Después de un tiempo se establecieron en Auroméum, en Septen. Zenyi trabajaba en una mina pequeña, en donde los obreros aceptaban el maíz, algunos frutos, el servicio de agua semi potable y pieles, como toda paga por duras jornadas de extracción de minerales que aún se consideraban preciados y se vendían —o eran contrabandeados— en navíos a los países de Etrasia y Nueva República, que se encontraban cruzando el mar.

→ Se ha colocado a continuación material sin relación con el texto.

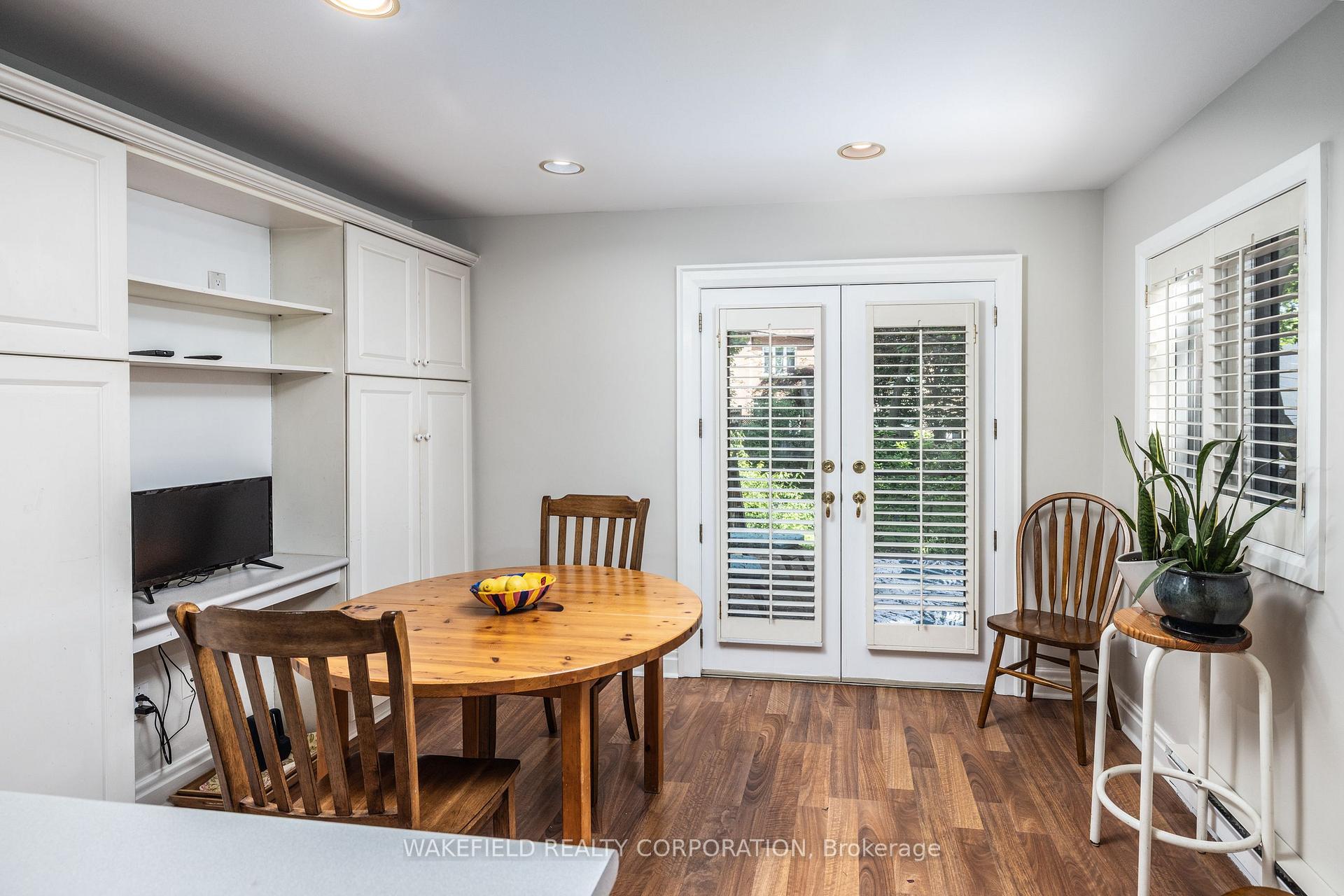 Photo 11 of 14 Willowbank Boulevard, Toronto, Yonge-Eglinton — HOMEH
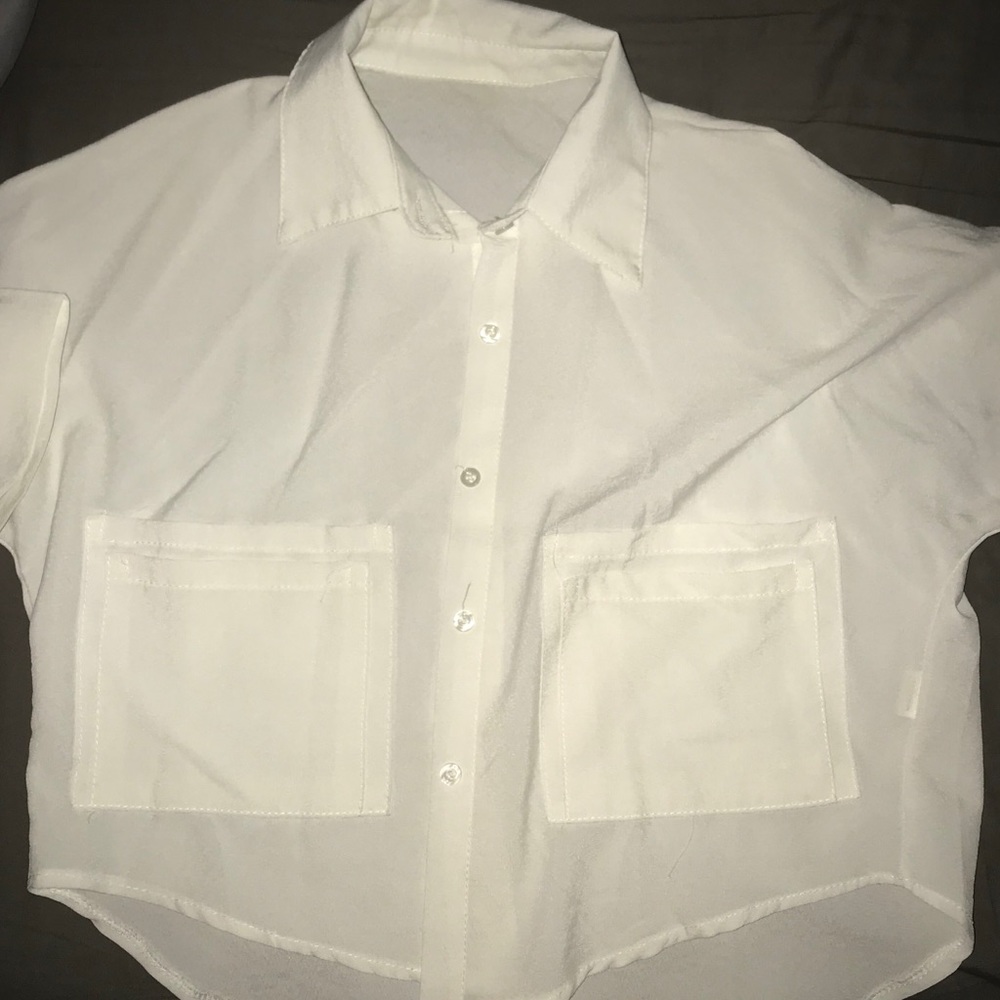 White short sleeved cropped blouse
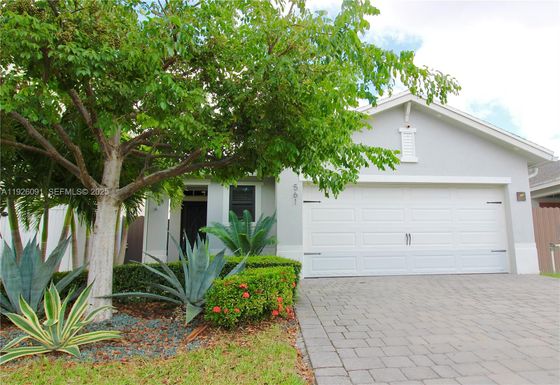 561 NE 6th Pl, Florida City FL 33034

Ahnyei, ya con cinco años, disfrutaba de la pequeña y humilde casa que construyó Zenyi a espaldas de una gran montaña de piedra rocosa.
El clima era extremo, por las noches el frío penetraba los huesos. Zenyi y Marie preparaban bebidas calientes y la cubrían de pieles y abrigos para que no padeciera; por el contrario, por la mañana cuando el sol ascendía, el calor era tan intenso que Ahnyei amaba explorar los amplios terrenos casi desnuda, jugando con cada criatura que le saliera al paso. Intentado evitar a toda costa esos «tristes y desafortunados accidentes piromaníacos», como los llamaba Marie.